If goodG community of a municipality is to prevail over chaotic, transient, metro society, that will be made so as endless engagement to be kept so by citizen engagement. Institutions that enable and sustain goodG are only as generative (“Positive Institutions,” Part 9 of Oxford Handbook of Positive Psychology) as the lives that keep its values alive. Idealizing access to higher education can be an effective hallmark of progressive public policy only if that is ensured and beneficiaries can work well toward sustainable lives.

There is goodG power possible in politics (fair authority and fair markets without unconstrained sovereignty and free-market propaganda). There is noble money amid the too-wealthy who support political action. Noblesse oblige amid global wealth deserves celebration.

But high mindedness easily loses sight of the vast lowland denial of right to fair opportunity which can be afforded by wealth that benefits from non-productive organization of benefits, i.e., pyramidal flow of capital favoring a tiny proportion of actors who have minimal real roles in the ecology of wealth creation.
(Some years ago, Stephen Schneck, Director of the Insitute for Political Research at Catholic University, noted about the Pope and President Obama: “...both gentlemen, I think, take the measure of civilization to be the quality of life for the poorest and most vulnerable in the world” [Mar. 2014].)
Of course, sophisticated producers deserve to benefit more than unsophisticated producers, but the aggregate wealth of lowland production belongs to the aggregate, though midland management is necessary to make lowland productivity possible (and deserves fair “total compensation,” as it’s called), and high scale organization requires leadership, which deserves fair total compensation.

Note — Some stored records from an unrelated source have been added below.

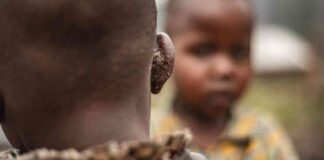 Understanding MPOX: Strategies for Containment and Prevention news-16082024-132053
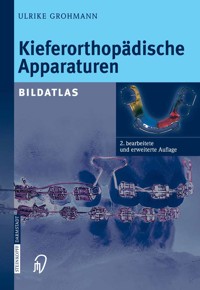 Kieferorthopädische Apparaturen - Ulrike Grohmann - E-Book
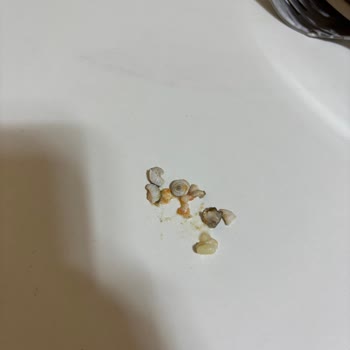 Yurdum Garnitür Kavanozunda Salyangoz Bulundu, Hijyen Endişesi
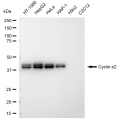 KD-Validated CCNE2 Rabbit mAb (20 μl)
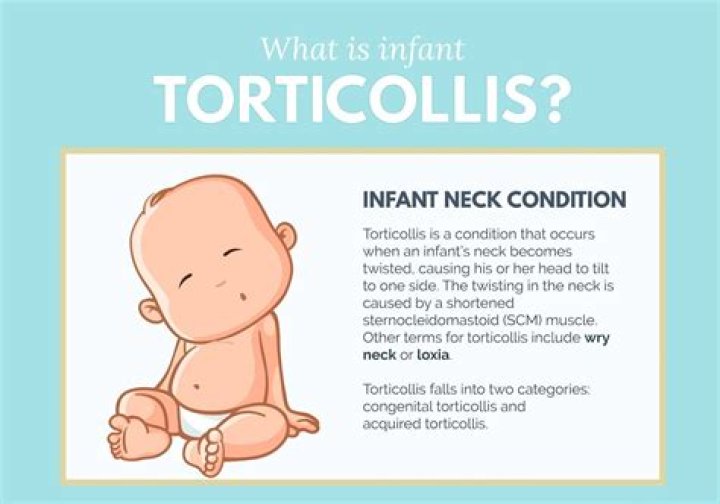 Should you massage torticollis?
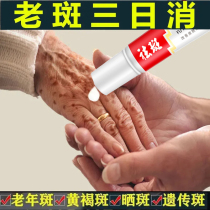 Age spot strong removal freckle cream chloasma freckles remove melanin hand face official flagship store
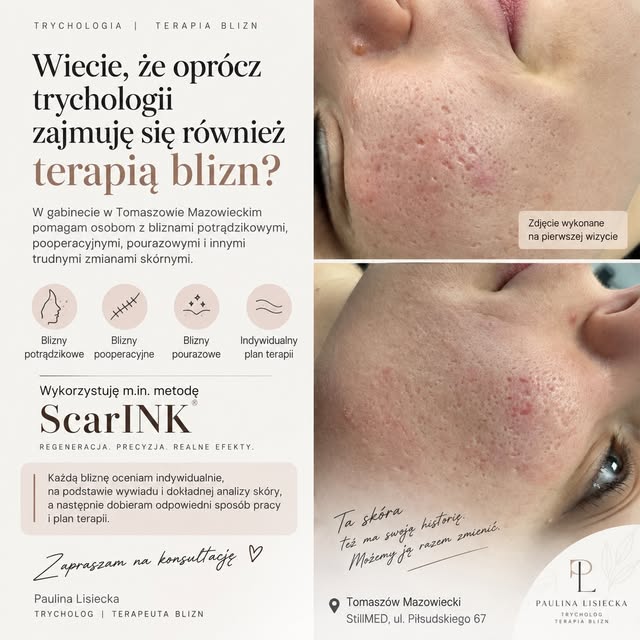 Wiecie, że oprócz trychologii zajmuję się również bliznami?

Wczoraj trafiła do mnie klientka z bliz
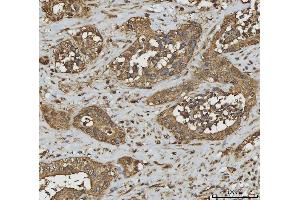 IHC analysis of Annexin A10/ANXA10 using anti-Annexin A10/ANXA10 antibody (ABIN7601853). (Annexin a10 anticorps  (AA 49-324))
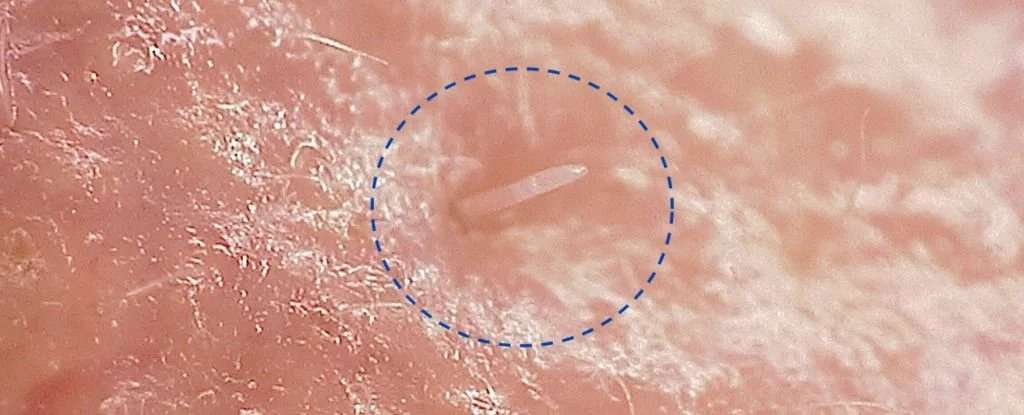 Une vue au microscope de Demodex folliculorum, la tête enfoncée dans un pore de notre peau. © Université de Reading
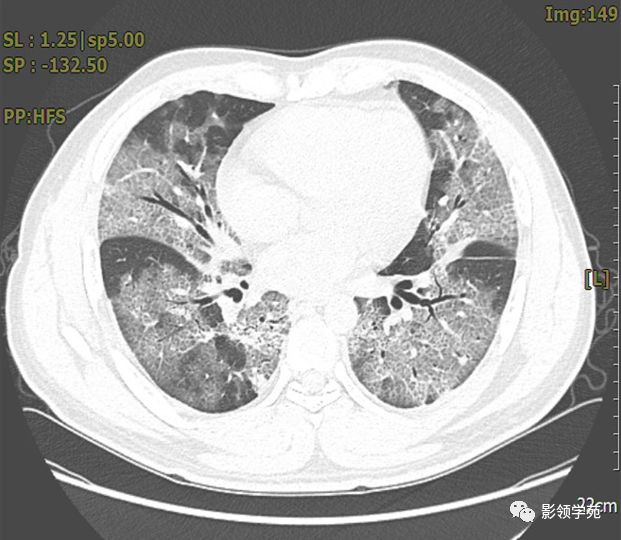 小結雙肺外帶單發或多發斑片狀磨玻璃影(ggo),可伴暈徵(滲出性改變)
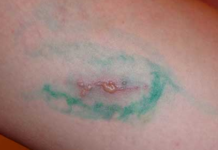 Водянистые пузырьки на коже: фото, причины, лечение | Заболевания кожи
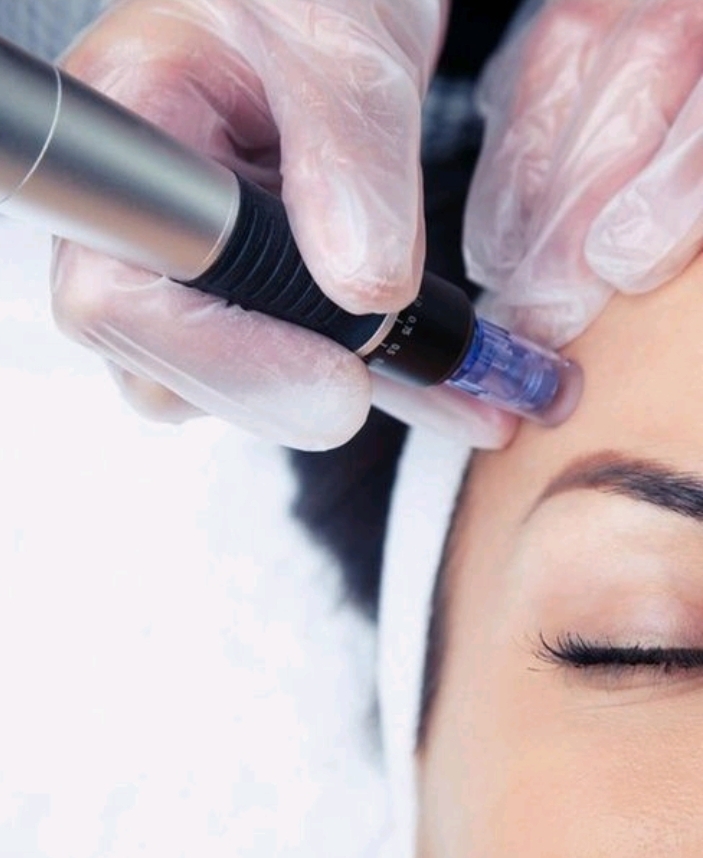 Microneedling W/ Led/ Microcurrent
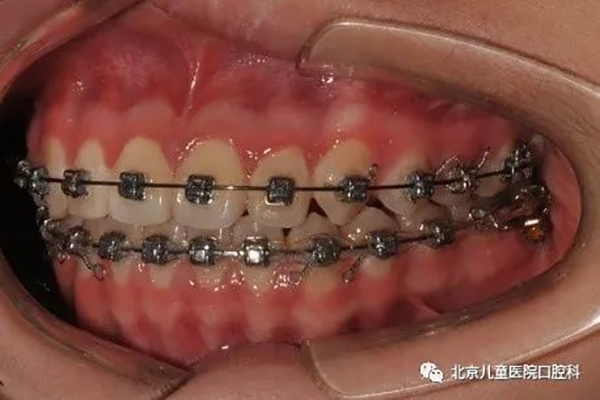 图片 160.png 图片 160.png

However, equal opportunity (equity) will result in variable results. Important anger about “inequality” tends to confuse the difference between equal opportunity and sense of distributive injustice which is not well defined. Progressive public policy cannot be formed from ill-defined senses of “inequality” (which can be well defined). Taxing very wealthy persons is vital, but acceptability of that to the wealthy who contribute vastly to electoral campaigns depends partly on articulation of public policy which targets enabling of citizenry (“hand up”), not to support ill-funded management of badly led social service regimes. I say that as a progressive Democrat. (Republicans are to blame for not funding education and social services at a level that annuls Republican complaint about low quality of public education and social supports that, then, “justifies” Republican refusal to support better, reliable funding. There is surely no excess of creative leadership in Conservative electoral politics.)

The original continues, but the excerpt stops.